** Opening PROVIDED DATA block **

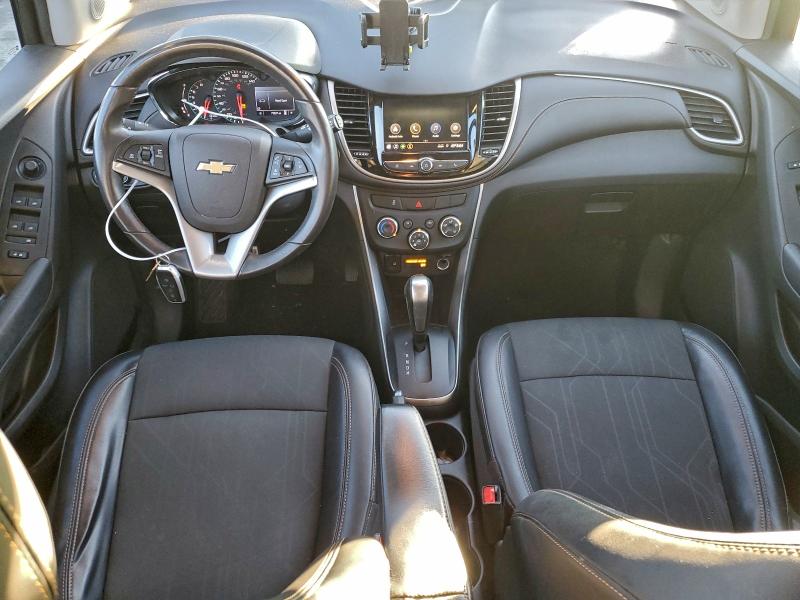 Photo 8 from auction – 2020 CHEVROLET TRAX with VIN 3GNCJLSB6LL209834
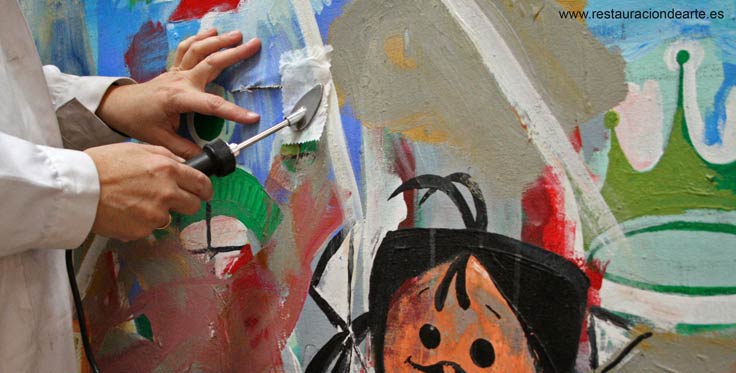 detalle del proceso para la restauración de rotura sobre lienzo con deformación y perdida de policromía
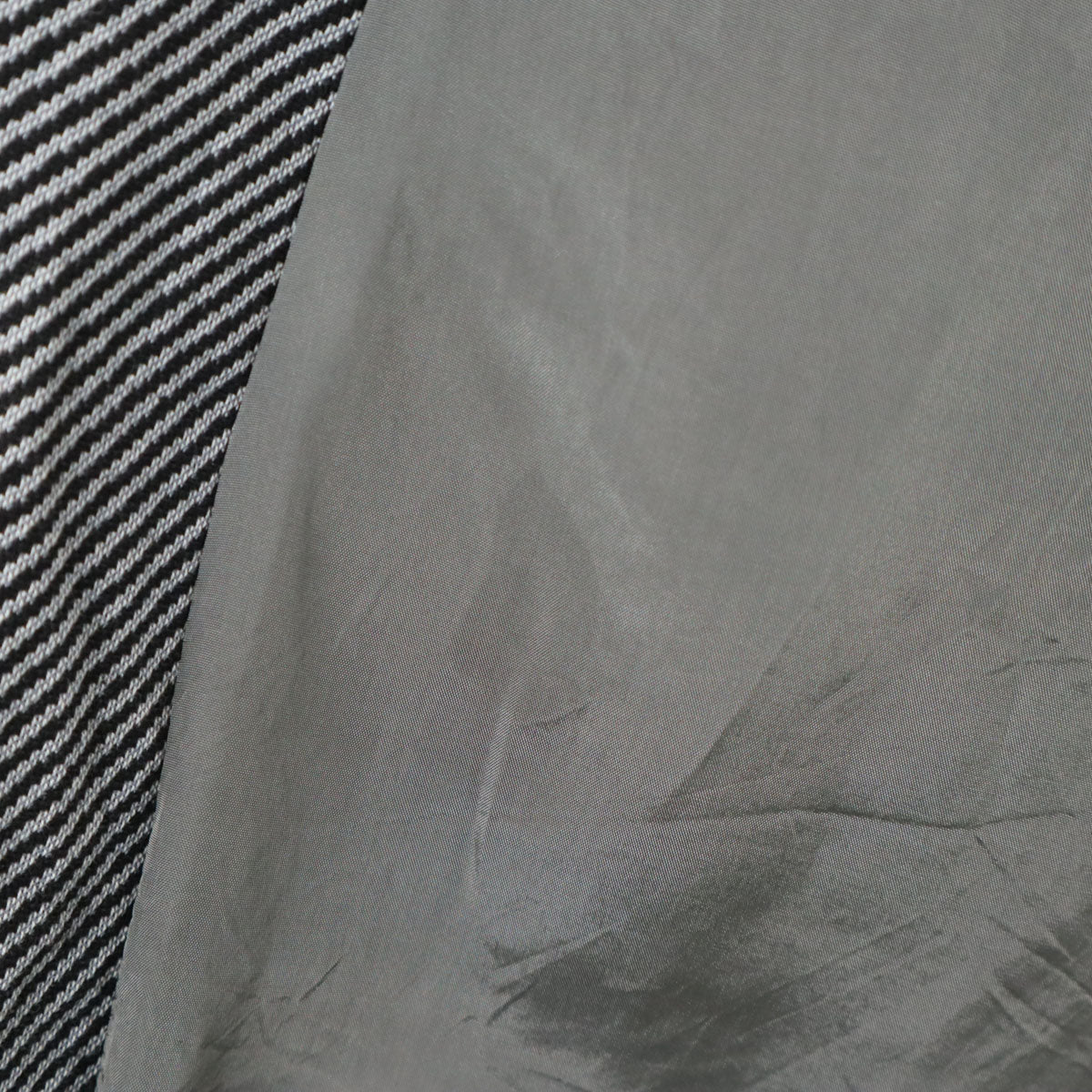 ARMANI COLLEZIONI アルマーニコレッツォーニ イタリア製 斜ストライプ柄 テーラードジャケット ブラック メンズ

** Closing PROVIDED DATA block **

**EXERCISE:** Without changing a word, restate the listing above; the pictures stay out.

**ANSWER SECTION:**
 Photo 8 from auction – 2020 CHEVROLET TRAX with VIN 3GNCJLSB6LL209834
 detalle del proceso para la restauración de rotura sobre lienzo con deformación y perdida de policromía
 ARMANI COLLEZIONI アルマーニコレッツォーニ イタリア製 斜ストライプ柄 テーラードジャケット ブラック メンズ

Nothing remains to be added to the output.